The first few minutes of the opener 'The Mote in God's Eye' constitute some of the best on the album. Brooding keyboards back up vocals that manage to be both understated and theatrical. The track gets more fast-paced, and the synth tones remain superb. The vocals on 'Before the Fall' are a bit softer. I love the guitar/keyboard harmonizing here, and the conclusion is magnificent, sounding like some sort of cosmic horror-film soundtrack. 'Dreamfish' is probably the most Genesis-esque track here. Great synth work abounds yet again, and the manic vocal section in the latter half is one of my favorite moments on the album. 'Cathedral of the Mary Ruin' returns to the broodiness, and even throws in some jazzy piano.
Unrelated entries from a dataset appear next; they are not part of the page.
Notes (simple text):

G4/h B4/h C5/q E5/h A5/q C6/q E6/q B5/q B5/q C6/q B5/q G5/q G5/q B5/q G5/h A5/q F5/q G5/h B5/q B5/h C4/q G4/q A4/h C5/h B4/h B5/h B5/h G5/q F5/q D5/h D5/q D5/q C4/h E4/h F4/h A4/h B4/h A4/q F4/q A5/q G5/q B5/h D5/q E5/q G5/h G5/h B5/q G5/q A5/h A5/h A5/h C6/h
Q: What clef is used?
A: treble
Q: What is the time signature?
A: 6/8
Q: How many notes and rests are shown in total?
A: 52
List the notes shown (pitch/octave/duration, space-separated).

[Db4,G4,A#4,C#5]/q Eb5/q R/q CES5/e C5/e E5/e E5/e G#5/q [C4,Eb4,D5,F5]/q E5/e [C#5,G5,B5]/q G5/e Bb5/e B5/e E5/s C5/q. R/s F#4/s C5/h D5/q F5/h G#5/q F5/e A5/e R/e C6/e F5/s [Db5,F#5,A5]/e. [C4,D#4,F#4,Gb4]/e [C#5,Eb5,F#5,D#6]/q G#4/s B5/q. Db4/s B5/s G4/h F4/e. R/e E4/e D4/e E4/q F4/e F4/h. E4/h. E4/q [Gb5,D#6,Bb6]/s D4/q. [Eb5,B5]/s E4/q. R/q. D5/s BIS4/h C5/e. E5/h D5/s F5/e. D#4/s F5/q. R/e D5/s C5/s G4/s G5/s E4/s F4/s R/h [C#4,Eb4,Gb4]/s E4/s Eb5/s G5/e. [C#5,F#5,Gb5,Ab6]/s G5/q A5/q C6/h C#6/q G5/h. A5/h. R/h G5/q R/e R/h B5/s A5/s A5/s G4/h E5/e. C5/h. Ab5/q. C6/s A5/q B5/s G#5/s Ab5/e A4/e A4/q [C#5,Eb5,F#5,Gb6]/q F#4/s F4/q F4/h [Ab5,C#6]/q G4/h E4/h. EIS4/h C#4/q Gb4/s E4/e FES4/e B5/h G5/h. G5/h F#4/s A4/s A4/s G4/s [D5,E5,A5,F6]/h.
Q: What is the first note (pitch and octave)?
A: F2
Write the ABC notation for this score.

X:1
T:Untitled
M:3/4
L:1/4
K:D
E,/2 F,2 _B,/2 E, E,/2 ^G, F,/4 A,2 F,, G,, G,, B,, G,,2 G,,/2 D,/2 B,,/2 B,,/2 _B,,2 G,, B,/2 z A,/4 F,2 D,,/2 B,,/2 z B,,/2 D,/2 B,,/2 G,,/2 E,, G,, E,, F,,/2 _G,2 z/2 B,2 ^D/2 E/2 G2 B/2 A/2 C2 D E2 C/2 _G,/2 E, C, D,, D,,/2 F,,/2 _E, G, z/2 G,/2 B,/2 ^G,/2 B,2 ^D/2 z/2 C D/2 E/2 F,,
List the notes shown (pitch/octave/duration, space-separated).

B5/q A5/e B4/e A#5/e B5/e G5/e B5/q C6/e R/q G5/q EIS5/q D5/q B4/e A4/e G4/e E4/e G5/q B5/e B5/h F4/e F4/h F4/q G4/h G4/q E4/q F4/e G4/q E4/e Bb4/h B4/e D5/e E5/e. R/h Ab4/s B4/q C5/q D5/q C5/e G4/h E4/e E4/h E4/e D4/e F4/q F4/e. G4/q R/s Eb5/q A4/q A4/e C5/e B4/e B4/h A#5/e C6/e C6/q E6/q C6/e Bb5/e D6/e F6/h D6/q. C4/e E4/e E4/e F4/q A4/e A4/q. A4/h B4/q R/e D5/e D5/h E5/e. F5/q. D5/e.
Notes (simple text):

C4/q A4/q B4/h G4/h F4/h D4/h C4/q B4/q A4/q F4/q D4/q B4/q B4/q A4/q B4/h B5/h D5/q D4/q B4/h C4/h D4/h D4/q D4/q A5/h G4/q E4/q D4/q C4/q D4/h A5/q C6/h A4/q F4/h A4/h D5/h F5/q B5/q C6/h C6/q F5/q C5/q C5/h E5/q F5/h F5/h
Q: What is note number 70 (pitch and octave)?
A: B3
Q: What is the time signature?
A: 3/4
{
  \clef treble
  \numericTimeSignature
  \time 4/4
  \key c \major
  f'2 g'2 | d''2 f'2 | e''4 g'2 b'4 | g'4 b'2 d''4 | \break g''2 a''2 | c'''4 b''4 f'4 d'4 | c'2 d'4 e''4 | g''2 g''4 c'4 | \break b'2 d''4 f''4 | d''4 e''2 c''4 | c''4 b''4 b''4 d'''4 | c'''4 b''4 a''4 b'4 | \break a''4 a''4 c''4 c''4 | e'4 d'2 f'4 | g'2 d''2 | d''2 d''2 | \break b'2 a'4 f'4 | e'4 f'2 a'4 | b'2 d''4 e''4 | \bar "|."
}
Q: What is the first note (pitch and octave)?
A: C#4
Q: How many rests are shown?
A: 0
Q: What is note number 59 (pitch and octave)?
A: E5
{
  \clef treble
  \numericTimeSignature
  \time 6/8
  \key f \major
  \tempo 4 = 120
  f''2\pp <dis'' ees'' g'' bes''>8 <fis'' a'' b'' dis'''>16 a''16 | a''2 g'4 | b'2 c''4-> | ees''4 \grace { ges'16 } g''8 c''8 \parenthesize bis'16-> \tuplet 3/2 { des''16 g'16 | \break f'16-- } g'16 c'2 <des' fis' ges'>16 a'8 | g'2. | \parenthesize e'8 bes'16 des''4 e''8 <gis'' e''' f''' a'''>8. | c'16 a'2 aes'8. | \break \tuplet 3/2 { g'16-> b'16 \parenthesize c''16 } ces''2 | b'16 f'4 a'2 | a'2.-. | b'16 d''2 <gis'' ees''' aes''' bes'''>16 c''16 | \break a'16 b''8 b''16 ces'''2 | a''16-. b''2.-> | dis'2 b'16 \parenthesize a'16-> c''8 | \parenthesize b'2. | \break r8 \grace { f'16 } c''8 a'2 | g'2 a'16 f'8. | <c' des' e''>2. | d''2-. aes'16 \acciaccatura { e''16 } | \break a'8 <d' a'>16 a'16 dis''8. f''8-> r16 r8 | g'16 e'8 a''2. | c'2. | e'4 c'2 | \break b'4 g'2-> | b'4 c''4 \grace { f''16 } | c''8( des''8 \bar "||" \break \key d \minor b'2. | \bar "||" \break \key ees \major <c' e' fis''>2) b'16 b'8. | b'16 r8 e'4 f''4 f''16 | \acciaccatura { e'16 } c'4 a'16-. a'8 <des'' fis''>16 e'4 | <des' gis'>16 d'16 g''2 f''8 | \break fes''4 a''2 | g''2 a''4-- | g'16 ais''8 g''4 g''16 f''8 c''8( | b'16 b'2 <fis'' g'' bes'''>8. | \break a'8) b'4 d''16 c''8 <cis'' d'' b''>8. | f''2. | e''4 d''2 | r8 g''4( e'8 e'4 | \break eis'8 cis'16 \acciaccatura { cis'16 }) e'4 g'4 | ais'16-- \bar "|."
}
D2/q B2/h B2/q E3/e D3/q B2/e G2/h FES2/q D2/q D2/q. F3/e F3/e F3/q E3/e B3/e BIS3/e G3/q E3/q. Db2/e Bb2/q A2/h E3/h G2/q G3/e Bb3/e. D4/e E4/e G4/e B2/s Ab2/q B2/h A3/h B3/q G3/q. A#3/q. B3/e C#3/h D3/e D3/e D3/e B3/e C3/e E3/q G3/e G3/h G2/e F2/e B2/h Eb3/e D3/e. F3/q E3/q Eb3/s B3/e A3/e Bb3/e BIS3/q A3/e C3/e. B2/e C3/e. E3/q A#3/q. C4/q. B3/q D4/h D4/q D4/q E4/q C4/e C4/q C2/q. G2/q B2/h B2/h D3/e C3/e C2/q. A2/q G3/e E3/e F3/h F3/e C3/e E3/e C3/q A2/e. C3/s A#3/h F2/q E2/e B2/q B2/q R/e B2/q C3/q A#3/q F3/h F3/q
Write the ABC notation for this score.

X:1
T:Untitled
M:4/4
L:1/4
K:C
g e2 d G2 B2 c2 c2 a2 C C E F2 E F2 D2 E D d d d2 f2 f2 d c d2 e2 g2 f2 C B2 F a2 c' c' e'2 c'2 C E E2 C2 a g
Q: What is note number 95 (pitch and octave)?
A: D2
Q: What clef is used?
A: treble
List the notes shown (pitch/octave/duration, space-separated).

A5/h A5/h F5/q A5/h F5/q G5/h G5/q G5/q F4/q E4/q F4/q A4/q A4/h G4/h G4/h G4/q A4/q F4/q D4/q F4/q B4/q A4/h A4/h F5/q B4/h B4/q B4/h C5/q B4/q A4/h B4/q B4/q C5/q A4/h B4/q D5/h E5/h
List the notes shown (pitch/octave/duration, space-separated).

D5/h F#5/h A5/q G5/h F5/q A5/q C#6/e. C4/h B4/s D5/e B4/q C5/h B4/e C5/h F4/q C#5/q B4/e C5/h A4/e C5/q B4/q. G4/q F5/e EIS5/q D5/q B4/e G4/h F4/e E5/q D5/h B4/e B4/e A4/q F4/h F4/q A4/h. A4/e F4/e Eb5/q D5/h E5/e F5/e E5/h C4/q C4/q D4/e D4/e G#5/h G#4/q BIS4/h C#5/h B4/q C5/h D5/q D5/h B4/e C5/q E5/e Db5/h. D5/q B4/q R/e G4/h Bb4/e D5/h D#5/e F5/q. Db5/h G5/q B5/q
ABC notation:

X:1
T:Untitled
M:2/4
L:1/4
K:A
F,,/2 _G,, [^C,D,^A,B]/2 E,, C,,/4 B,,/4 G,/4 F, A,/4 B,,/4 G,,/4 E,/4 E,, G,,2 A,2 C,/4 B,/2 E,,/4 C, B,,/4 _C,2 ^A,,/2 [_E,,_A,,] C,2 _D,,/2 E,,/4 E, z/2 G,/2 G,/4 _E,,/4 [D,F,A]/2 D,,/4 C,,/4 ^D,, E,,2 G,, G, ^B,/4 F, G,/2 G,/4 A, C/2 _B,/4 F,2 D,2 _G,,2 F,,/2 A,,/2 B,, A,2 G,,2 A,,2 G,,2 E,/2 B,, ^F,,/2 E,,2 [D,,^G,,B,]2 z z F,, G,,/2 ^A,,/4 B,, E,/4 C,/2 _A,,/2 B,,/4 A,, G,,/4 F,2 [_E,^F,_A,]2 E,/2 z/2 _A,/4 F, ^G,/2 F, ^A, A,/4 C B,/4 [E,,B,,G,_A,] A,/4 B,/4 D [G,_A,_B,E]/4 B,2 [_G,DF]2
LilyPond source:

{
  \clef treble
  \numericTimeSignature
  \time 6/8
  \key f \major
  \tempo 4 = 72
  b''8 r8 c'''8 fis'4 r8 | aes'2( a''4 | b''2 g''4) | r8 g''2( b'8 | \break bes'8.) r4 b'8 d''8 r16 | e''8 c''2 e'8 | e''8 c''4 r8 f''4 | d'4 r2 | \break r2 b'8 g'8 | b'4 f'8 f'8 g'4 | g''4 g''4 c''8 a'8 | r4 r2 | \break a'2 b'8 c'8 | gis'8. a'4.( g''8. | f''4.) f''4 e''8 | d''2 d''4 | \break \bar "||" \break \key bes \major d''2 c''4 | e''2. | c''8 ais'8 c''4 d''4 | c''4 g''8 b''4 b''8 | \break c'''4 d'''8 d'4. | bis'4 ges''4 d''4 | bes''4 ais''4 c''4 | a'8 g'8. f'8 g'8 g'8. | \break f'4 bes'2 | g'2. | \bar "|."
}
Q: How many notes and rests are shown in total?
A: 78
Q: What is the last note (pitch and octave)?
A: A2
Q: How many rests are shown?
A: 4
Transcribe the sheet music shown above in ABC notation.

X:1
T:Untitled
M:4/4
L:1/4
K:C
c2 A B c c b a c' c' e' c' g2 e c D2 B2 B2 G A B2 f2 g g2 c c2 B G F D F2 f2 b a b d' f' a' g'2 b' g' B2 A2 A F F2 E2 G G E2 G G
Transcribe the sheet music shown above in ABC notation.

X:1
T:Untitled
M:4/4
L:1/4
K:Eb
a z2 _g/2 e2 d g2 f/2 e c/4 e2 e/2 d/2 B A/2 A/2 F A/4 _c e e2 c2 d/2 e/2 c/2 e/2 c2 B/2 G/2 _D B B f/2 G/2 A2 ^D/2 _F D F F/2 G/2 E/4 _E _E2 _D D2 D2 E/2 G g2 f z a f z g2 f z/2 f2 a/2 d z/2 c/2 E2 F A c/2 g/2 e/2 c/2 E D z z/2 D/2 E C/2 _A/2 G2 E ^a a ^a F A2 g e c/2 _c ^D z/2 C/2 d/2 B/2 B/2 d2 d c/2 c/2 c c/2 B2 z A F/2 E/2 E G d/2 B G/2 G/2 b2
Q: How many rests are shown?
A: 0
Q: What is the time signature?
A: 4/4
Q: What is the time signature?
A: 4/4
Babylon's music is intriguing because it manages to twist its influences into something distinct. This album sounds like Genesis, but it doesn't feel like Genesis. This ability to bring a unique feel to stylistically similar music is what makes this album so interesting. The songs are well-crafted, and the musicianship is excellent. As stated before, the synth tones are spot-on; there are certain synth lines here that creature pure exultation within me. I suppose my main complaint with Babylon's self-titled is the fact that the band doesn't quite mange to instill enough emotional significance within the music in order to truly catalyze the dark tone. Regardless, though, this is an excellent work. Sifting though the obscure Genesis/Yes-influenced prog records that came out during the 70s can be a daunting task, but be sure not to let this be passed by. It's unfortunate that Babylon never released anything else.